Machine Learning seminar

When: Tue, 28 May 2019, 3:30pm
Where: AG07b, College Building

Who: Marco Gori, University of Siena, Italy.

Title: The Principle of Least Cognitive Action

Abstract: In this talk we introduce the principle of Least Cognitive Action with the purpose of understanding perceptual learning processes. The principle closely parallels related approaches in physics, and suggests to regard neural networks as systems whose weights are Lagrangian variables, namely functions depending on time. Interestingly, neural networks “conquer their own life” and there is no neat distinction between learning and test; their behavior is characterized by the stationarity of the cognitive action, an appropriate functional which contains a potential and a kinetic term. While the potential term is somewhat related to the loss function used in supervised and unsupervised learning, the kinetic term represents the energy connected with the velocity of weight change. Unlike traditional gradient descent, the stationarity of the cognitive action yields differential equations in the connection weights, and gives rise to a dissipative process which is needed to yield ordered configurations. We give conditions under which this learning process reduces to stochastic gradient descent and to Backpropagation. We give examples on supervised and unsupervised learning, and briefly discuss the application to deep convolutional neural networks, where an appropriate Lagrangian term is used to enforce motion invariance in the visual feature extraction.

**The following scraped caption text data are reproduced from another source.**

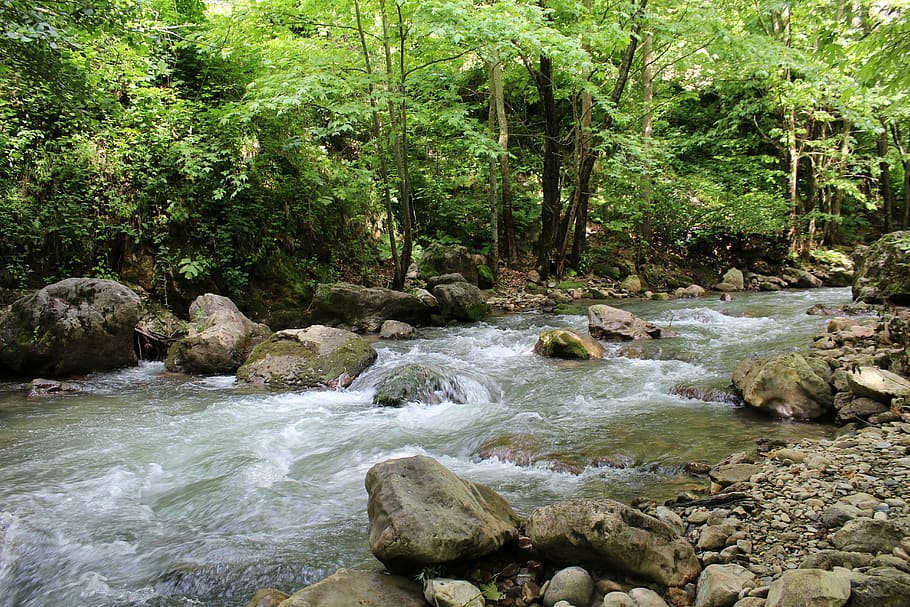 water, forest, nature, landscape, river, tree, rock, plant HD wallpaper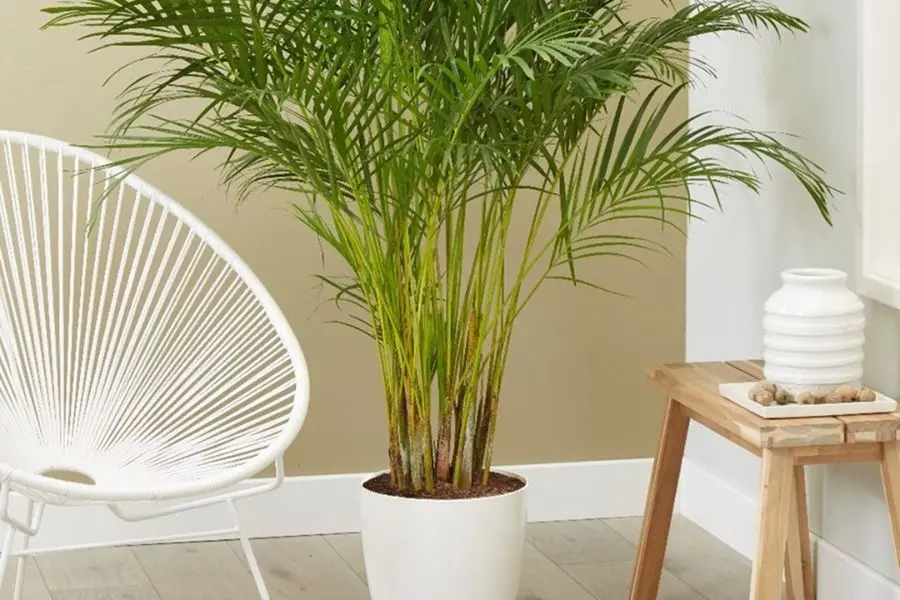 Cây cau Nhật có chiều cao trung bình từ 70cm đến 2m.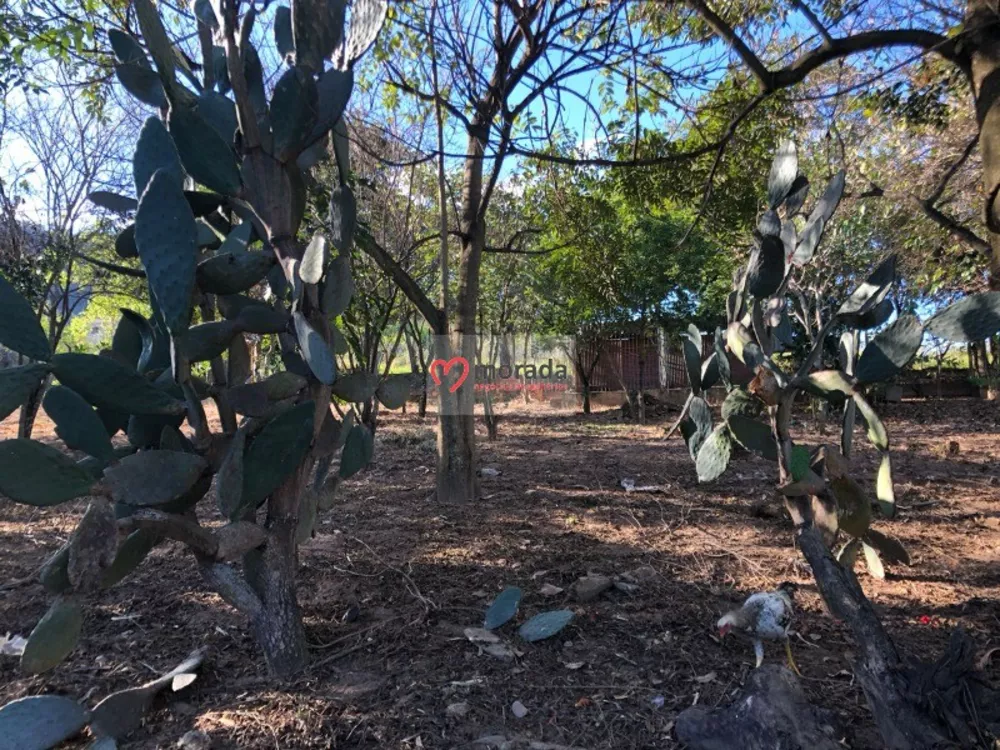 Casa, 5 quartos, 303 m² - Foto 1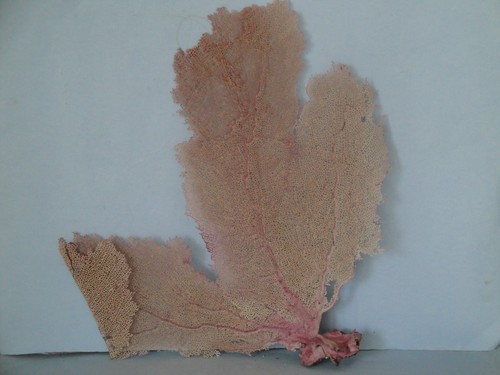 Large pink sea - x,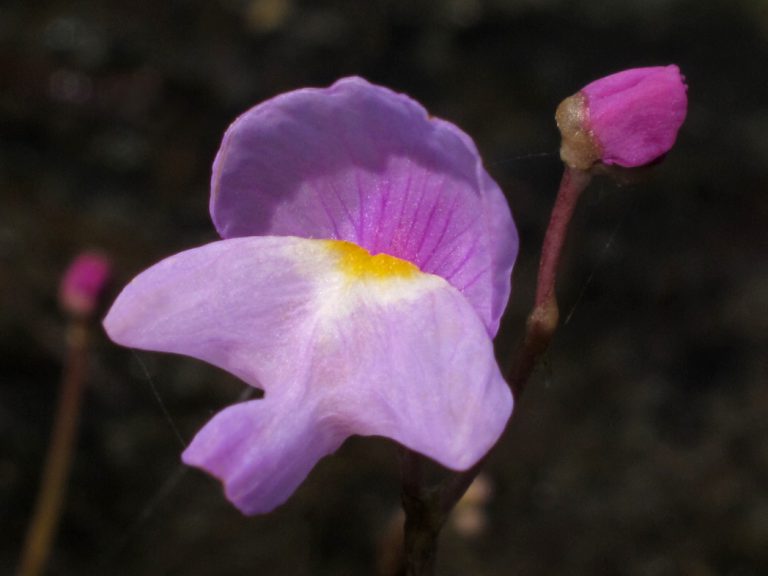 Eastern purple bladderwort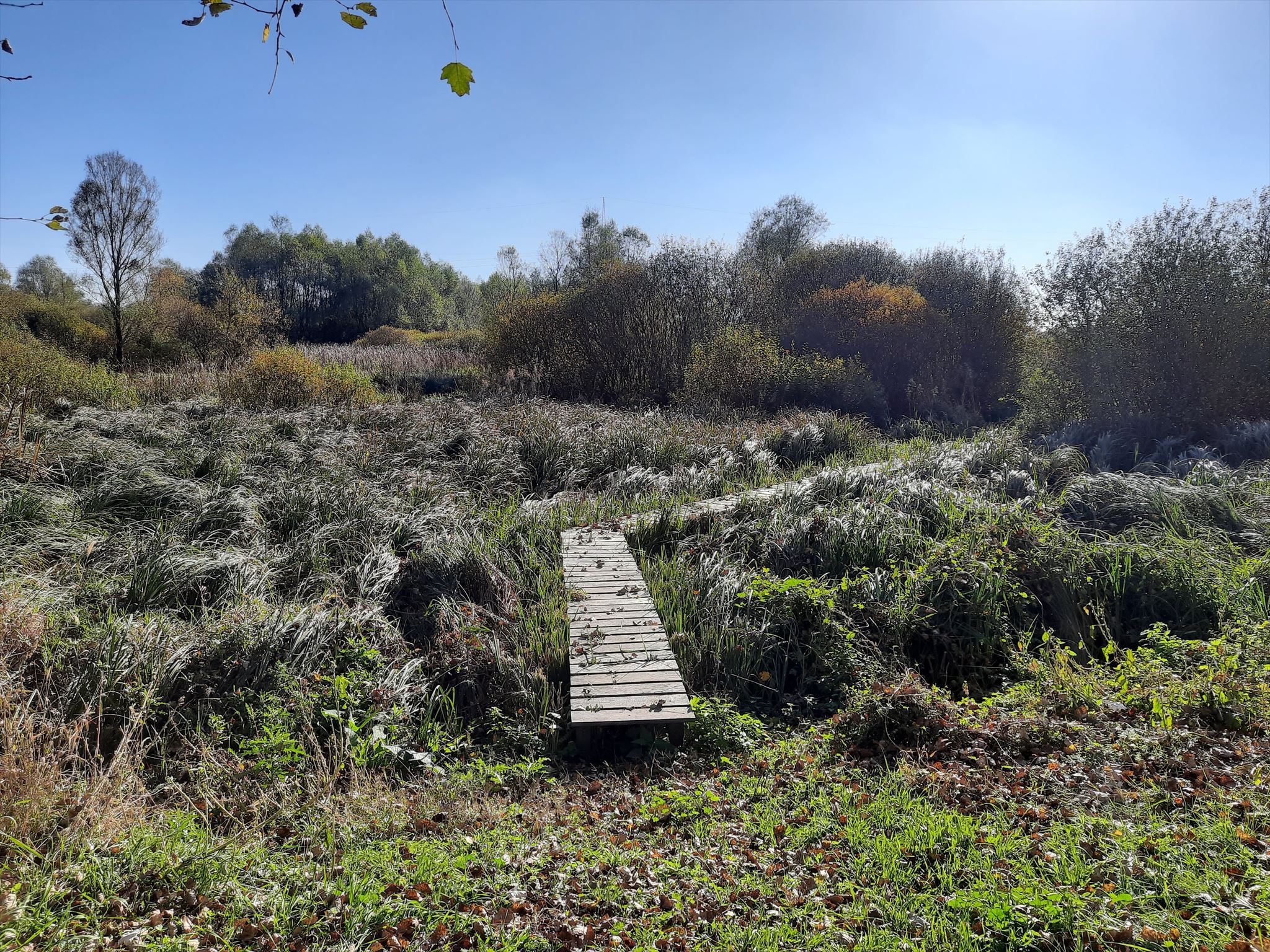 GC925WB Náučný chodník Ižkovce (Multicache) in Košický kraj, Slovakia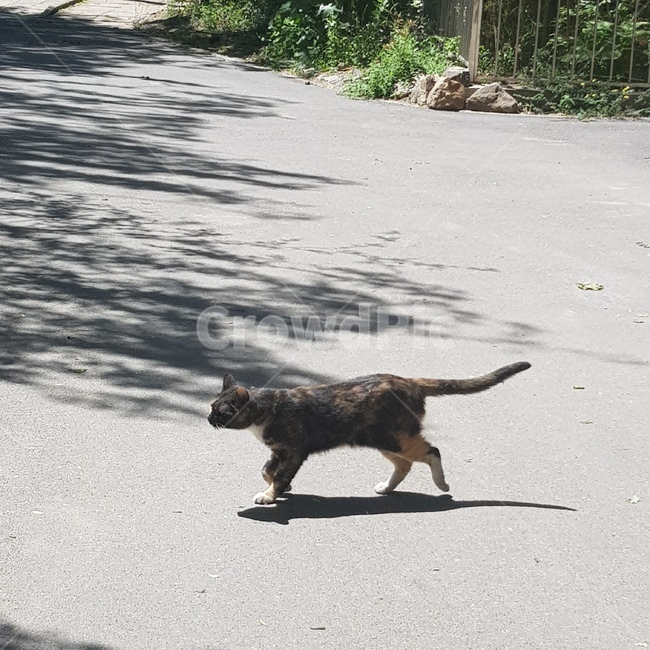 견장,고양이,길고양이,검은고양이,네로,동물,animal,포유류,mammal,고양이,cat,kitten,kitty
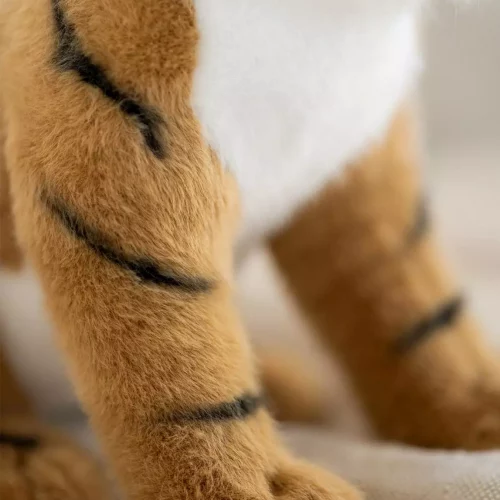 gallery-3272-for-CHTED04304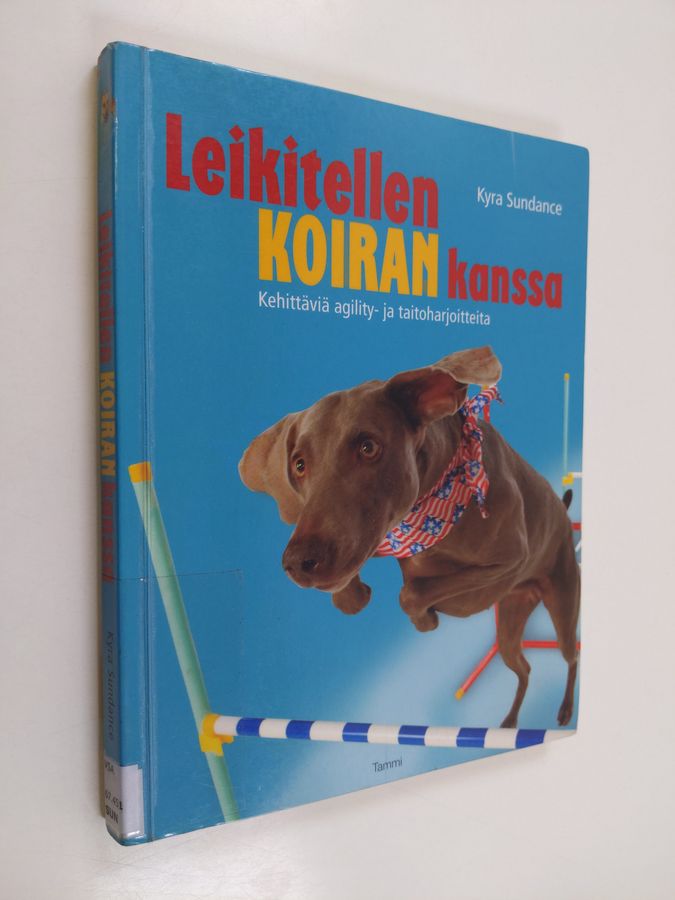 Leikitellen koiran kanssa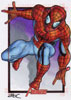 Spider-man 11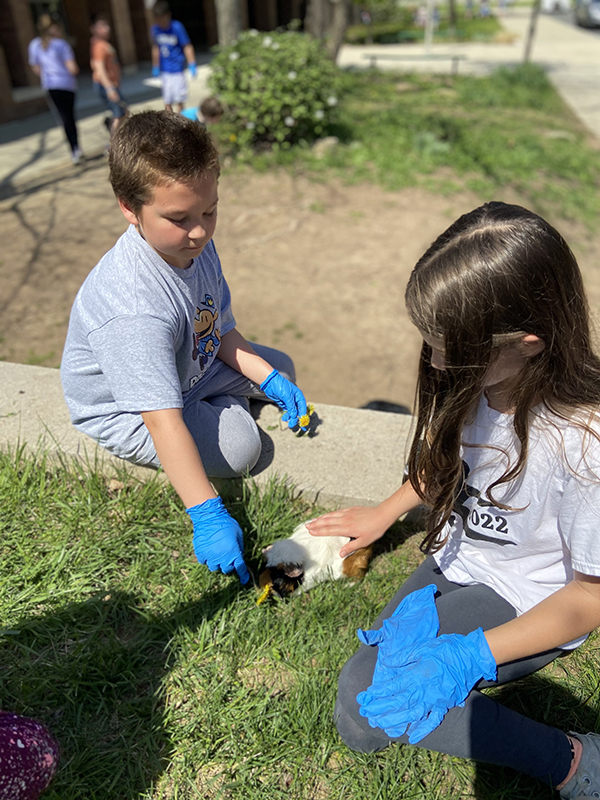 Two fourth-grade students pet a guinea pig in the grass.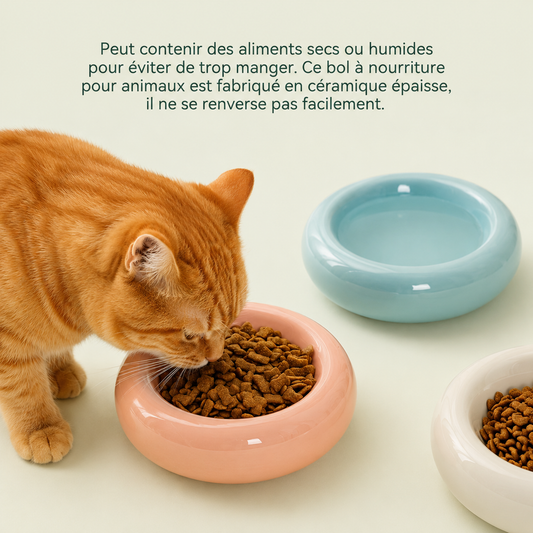 Chat roux mangeant des croquettes dans un bol donut en céramique rose, à côté d'un bol bleu et d'un bol blanc — céramique épaisse qui ne se renverse pas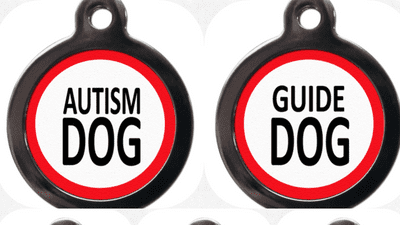 Rescue Dog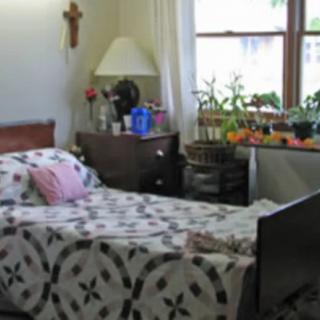 A cozy bedroom with a bed covered in a patterned quilt, a dresser with a lamp, and plants on the windowsill.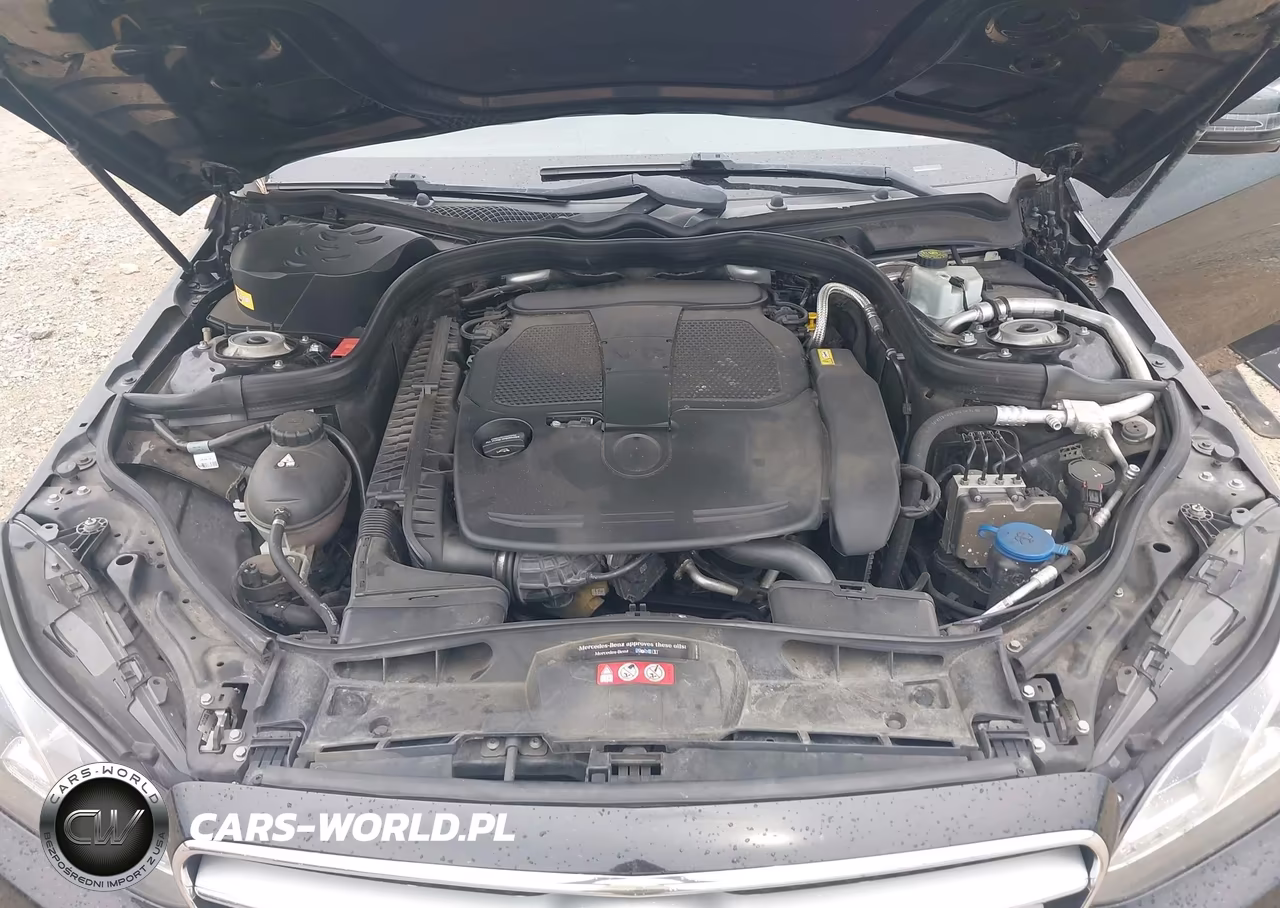 2016 Mercedes-Benz E 350 VIN:WDDHF5KB0GB206548 - 10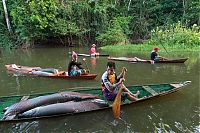 Fauna & Flora: Arapaima fishing, Amazon River, Brazil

Bio: Marco Gori received the Ph.D. degree in 1990 from Università di Bologna, Italy, working partly at the School of Computer Science (McGill University, Montreal). In 1992, he became an Associate Professor of Computer Science at Università di Firenze and, in November 1995, he joint the Università di Siena, where he is currently full professor of computer science.
His main interests are in machine learning with applications to pattern recognition, Web mining, and game playing. He is especially interested in bridging logic and learning and in the connections between symbolic and sub-symbolic representation of information. He was the leader of the WebCrow project for automatic solving of crosswords, that outperformed human competitors in an official competition which took place during the ECAI-06 conference. As a follow up of this grand challenge he founded QuestIt, a spin-off company of the University of Siena, working in the field of question-answering. He is co-author of “Web Dragons: Inside the myths of search engines technologies,” Morgan Kauffman (Elsevier), 2006, and “Machine Learning: A Constrained-Based Approach,” Morgan Kauffman (Elsevier), 2018.
Dr. Gori serves (has served) as an Associate Editor of a number of technical journals related to his areas of expertise, he has been the recipient of best paper awards, and keynote speakers in a number of international conferences. He was the Chairman of the Italian Chapter of the IEEE Computational Intelligence Society, and the President of the Italian Association for Artificial Intelligence.